• _Stored data_:
★ ★ ★ ★

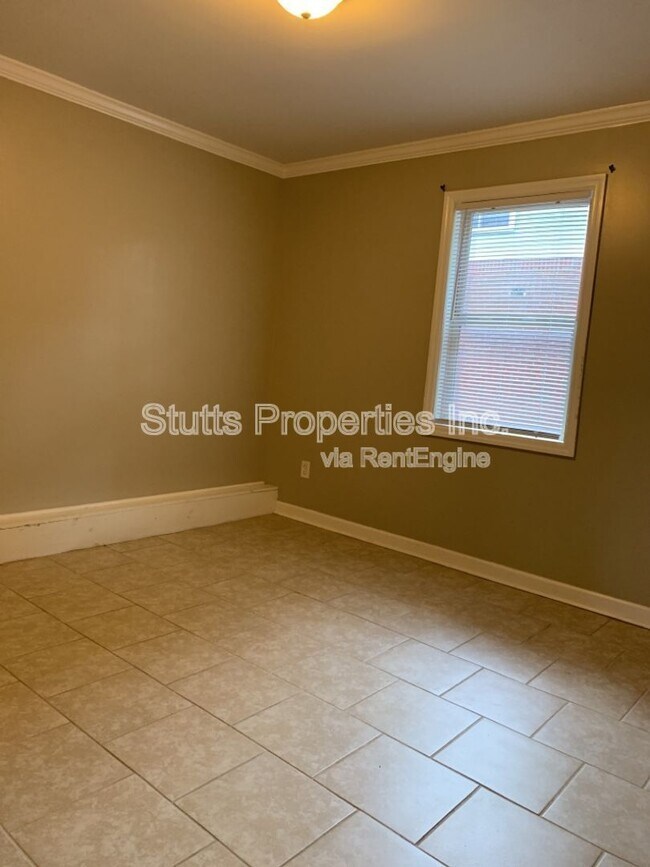 Building Photo - 414 Hermitage Dr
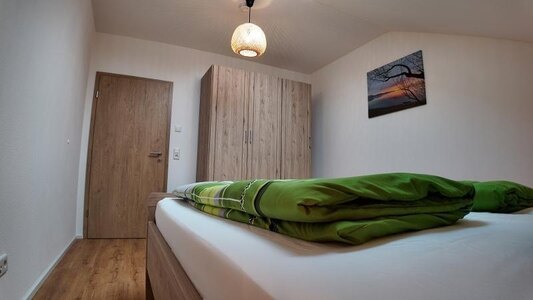 Bild-FeWo-1 Ferienwohnung, Tag-Hof  Ferienwohnungen Summerer, Prien am Chiemsee
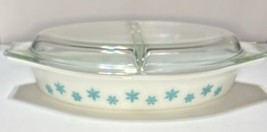 Vintage Pyrex Snowflake White Turquoise Divided Casserole Dish With Lid 1.5 Qt - £38.14 GBP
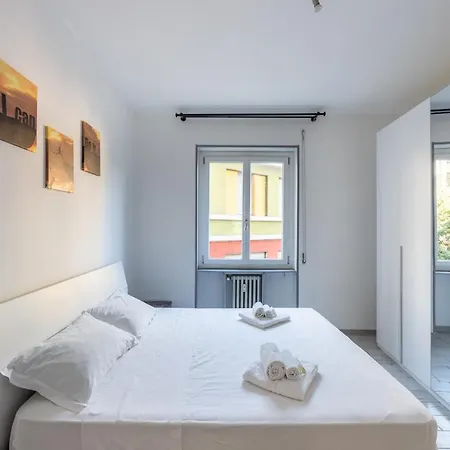 Free Parking-niguarda Magic&charm *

★ ★ ★ ★

• _To do_:
Reproduce each line above precisely, with no pictures.

• _Task result_:
 Building Photo - 414 Hermitage Dr
 Bild-FeWo-1 Ferienwohnung, Tag-Hof  Ferienwohnungen Summerer, Prien am Chiemsee
 Vintage Pyrex Snowflake White Turquoise Divided Casserole Dish With Lid 1.5 Qt - £38.14 GBP
 Free Parking-niguarda Magic&charm *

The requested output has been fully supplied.